• What the task asks
Transcribe the stretch of entries below from the line with "Poza cu Aparat pentru Abdomen FH40, Bodytone" through the line with "Radio Wrocław międzynarodową", exactly and with both ends included; leave out all other lines.

• Task input
------------------------------------------------------------------------
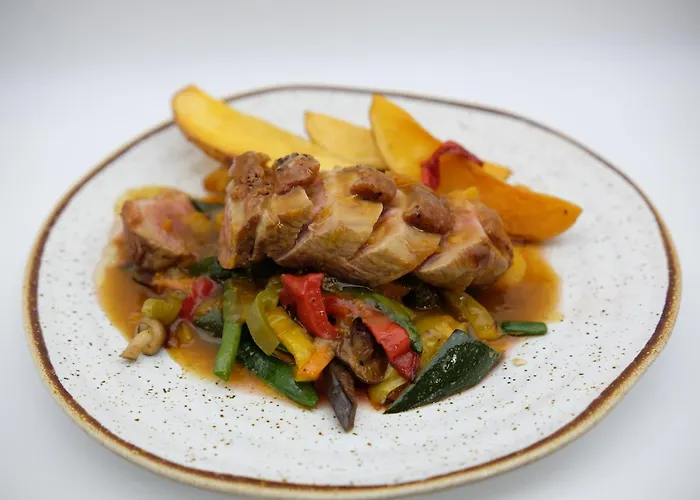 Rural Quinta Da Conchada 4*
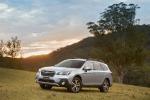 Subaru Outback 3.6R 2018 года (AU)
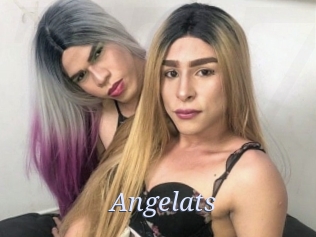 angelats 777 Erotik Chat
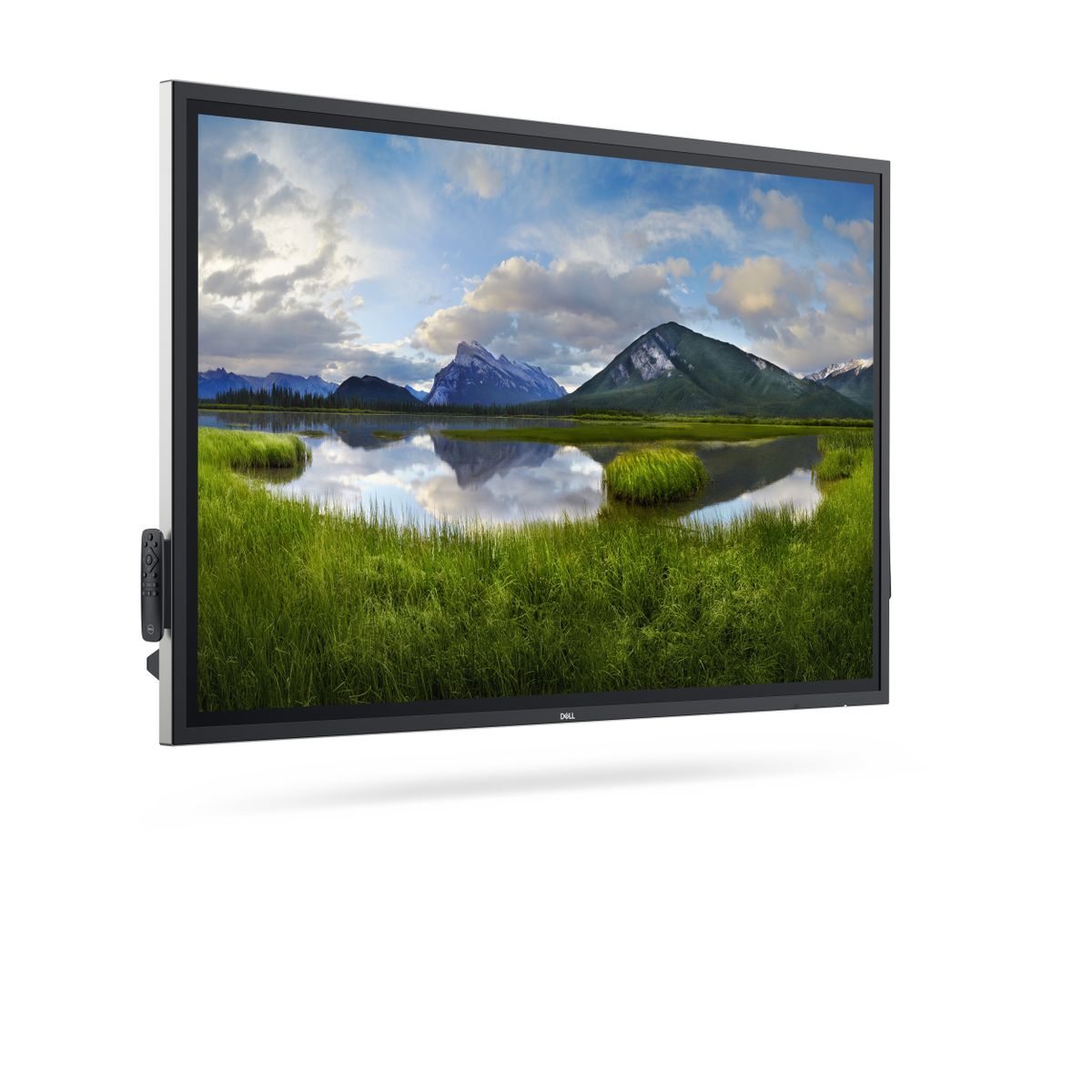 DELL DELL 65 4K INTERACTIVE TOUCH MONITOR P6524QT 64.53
------------------------------------------------------------------------
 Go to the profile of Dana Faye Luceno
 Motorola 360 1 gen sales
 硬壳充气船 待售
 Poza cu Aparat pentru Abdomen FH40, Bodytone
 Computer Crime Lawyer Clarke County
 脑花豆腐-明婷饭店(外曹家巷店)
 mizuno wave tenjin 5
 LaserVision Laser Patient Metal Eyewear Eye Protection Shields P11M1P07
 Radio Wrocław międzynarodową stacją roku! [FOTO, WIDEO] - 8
------------------------------------------------------------------------
• Exercise response
 Poza cu Aparat pentru Abdomen FH40, Bodytone
 Computer Crime Lawyer Clarke County
 脑花豆腐-明婷饭店(外曹家巷店)
 mizuno wave tenjin 5
 LaserVision Laser Patient Metal Eyewear Eye Protection Shields P11M1P07
 Radio Wrocław międzynarodową stacją roku! [FOTO, WIDEO] - 8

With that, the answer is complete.